You will know by now that the planet is in danger of melting by the end of the century and that world leaders met in Paris yesterday, each one having three minutes to explain what he or she felt could, should or must be done.

There is no longer any margin for error, warns Libération, before explaining the economic and political reasons which encourage major polluters like India, Saudi Arabia and Venezuela to go on being major polluters.

There's no doubting the quality of yesterday's public performances, says Libé. The leaders showed up and spoke up, and they all made the right kind of noises. However. In an editorial headlined "Injustice," the left-leaning daily asks how you can criticise India, fourth worst emmitter of carbon dioxide on a global scale because of its huge dependance on coal but a nation where each individual has a carbon footprint 10 times smaller than the average American.

The simple answer, of course, is to have the rich North pay to help the developing South. Except that, by its own estimation, the North ain't that rich any more and there's little political will in, say, Antrim, to save the drowning population of, say, the Andamans.

Le Monde poses the question bluntly: "Is the North ready to pay for the South?" But it's a rhetorical question since no politician with a five-year mandate is going to tell voters they have to pay cash to prevent a catastrophe three decades down the road. Especially since most voters remain convinced that the worst impact of climatic warming is going to happen to someone else, somewhere very far away.

Communist L'Humanité wonders if yesterday's climate of good intentions will be sufficient to produce a worthwhile final agreement. That's another rhetorical question, with the communist paper remembering the pithy observation by Venezuelan president, Hugo Chavez, at the Copenhagen conference in 2009, to the effect that, if the planet was a bank, the rich nations would have saved it long ago. That was Cop15.

Yesterday, at Cop21, it was left to Bolivian leader Evo Morales to call for an end to the steamroller of free market liberalism, which he says has the sole ambition of producing infinite amounts of consumer goods at the cost of destroying nature, work and human togetherness.

Right-wing Le Figaro says yesterday's unanimity on what needs to be done was rare and impressive. Agreeing on how to do what needs to be done is another and tougher day's work.

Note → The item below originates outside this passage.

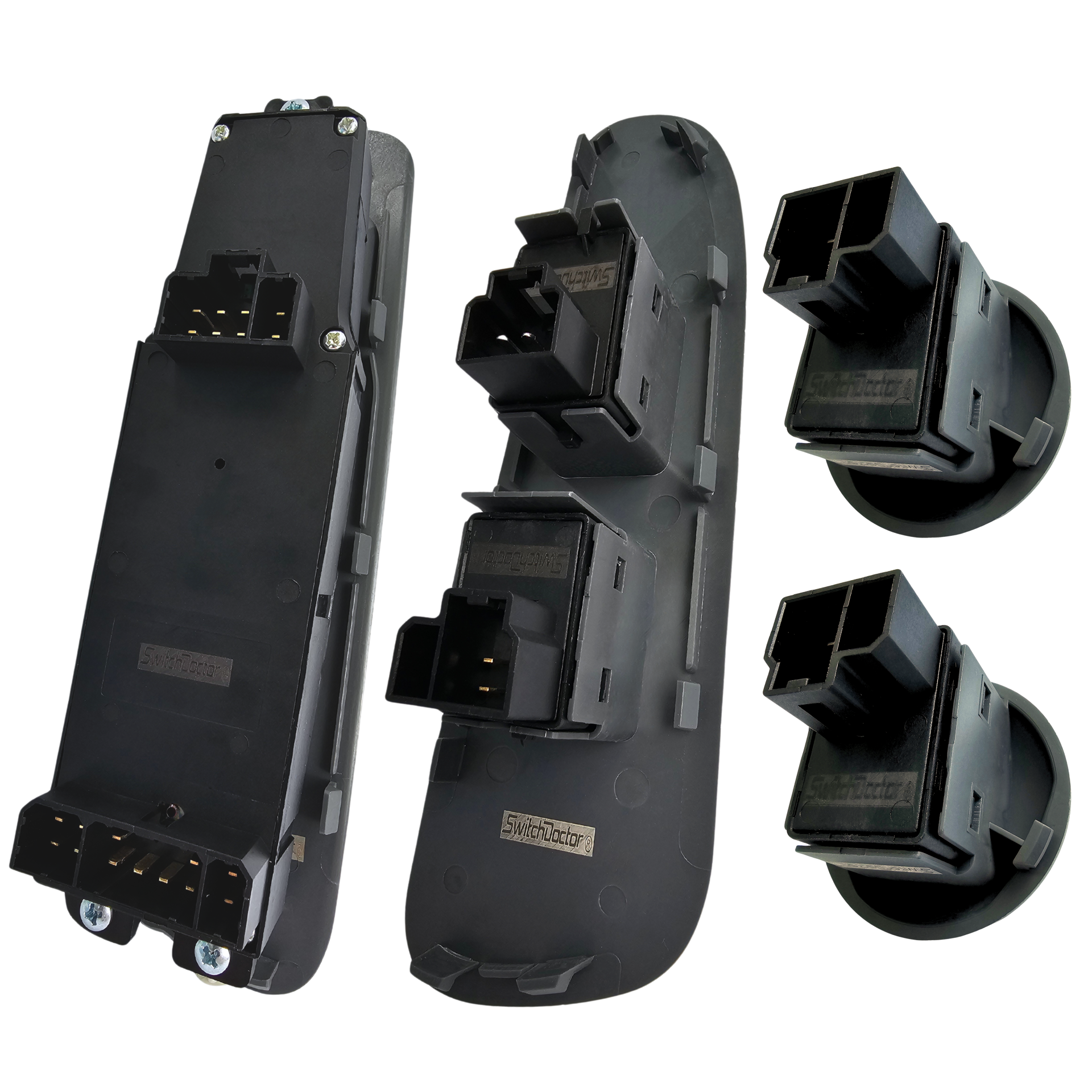 Window Master Switch & Passenger Assembly for 2002, 2003, 2004, 2005, 2006, 2007, 2008 Dodge Ram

The conservative paper says no leader anywhere is going to call for an end to economic growth - and that's the problem in a nutshell. Fifty pages of good intentions, as Le Figaro describes the Paris final communiqué, won't change anything in the real world. The only hope, the conservative daily believes, is the private sector: there is money to be made selling clean technology. We can expect more from Bill Gates and his 30 fellow billionaires who plan to save the world and get even richer in the process, than from yesterday's 147 professions of faith by a bunch of gasbags whose sell-by date is much closer than the end of the world.

Catholic La Croix gives the front-page honours to the question of religious violence, inspired by Pope Francis's visit earlier this week to the central mosque in Bangui, capital of the Central African Republic.

The long and tragic history of wars of religion is, says La Croix, a tragic contradiction of the message of sharing and brotherhood which is central to all human faiths. Believing in God means believing in peace, the Pope said in Bangui yesterday.